Whether that intelligence counts as "human" is an even murkier topic, that will probably have to wait until we have the first clue of how to differentiate "human intelligence" from other forms. I'm not sure we know what should qualify as human intelligence, any definition would seem to either leave out too many humans, or not leave out enough non-humans.

It is not very productive to debate definitions, but it seems to me you offer definitions that are far beyond the usual meaning of everyday English words, such as "exists". If, however, you insist on such definitions, there is little left to discuss, as the questions we consider turn into tautologies.



Ken G said:
I certainly believe it is not possible to predict the throw of a die no matter how well you prescribe its initial conditions, if the throw "mixes in" enough of the details of the environment. For example, you could specify the initial velocity and angular momentum of the die, but only to the precision of your instrument, and you have to propagate whatever uncertainty exists initially through a lot of exponentially magnifying factors. You can specify the amount of sound in the room, but that's not good enough-- you need to know the amplitude and phase of every vibration that could affect the die. You need to know not just the windspeed, but every eddy current in the air. You need to know not just the dimensions of the rolling area, and the material properties of the surface, but how it varies with position and whether or not "material properties" are defined suitably precisely in the first place. In short, the prediction is doing physics, whereas the "reality" is only the roll of the die itself. And to do physics, we make idealizations and approximations at every stage. At some point, we just throw up our hands and say "forget tracking these details, we're just going to average over what we don't know and make some kind of ergodicity assumption"-- and poof, we have no more than a probability, even in principle, at that moment. Since this is an inevitable component of Newtonian mechanics sooner or later in any complex system, we could never have said that the universe was deterministic, it would simply not be scientifically demonstrable long before quantum mechanics.

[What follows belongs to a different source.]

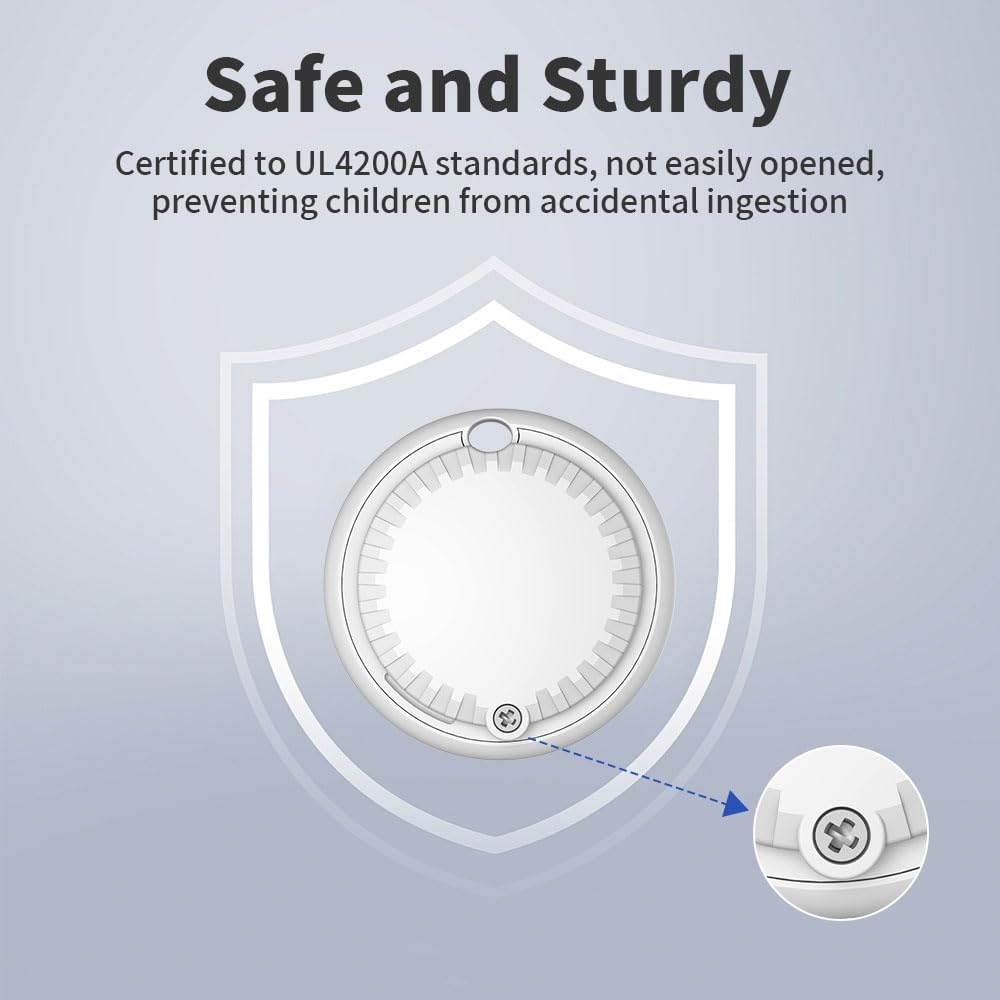 Smart Tag Tracker Works with Apple Find My, IP65 Waterproof and Replaceable Battery, Bluetooth Tracker Item Locator for Key Pet Wallet Backpack Luggage, 1 Pack, White (Not for Android or Huawei)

Well, this seems to be a quantitative question. I think you'll agree that for a simpler system than a rotating die and for lesser times it is possible to accurately predict the result, and I'll agree that for more complex systems and larger times it can be impossible to predict the result. As for this specific system, let's agree to disagree.

Ken G said:
That is indeed what I would say-- what do you mean by their "status in the Kopenhagen interpretation?"

As far as I understand, the Copenhagen interpretation (although, or maybe because I lived in that city for four years, I cannot write its name correctly:-) ) postulates that we cannot have anything more precise than probabilities. If in classical mechanics two similar experiments produce different results, you can standardize them and reduce the difference, or at least indicate the source of the difference (and this is how I understand determinism, not as a possibility to predict everything). Nothing of the kind in the Copenhagen interpretation.


Ken G said:
Excellent point, and crucial to understanding why determinism was always a red herring-- it was contradictory to the notion of irreversibility, which is a hugely important physical concept.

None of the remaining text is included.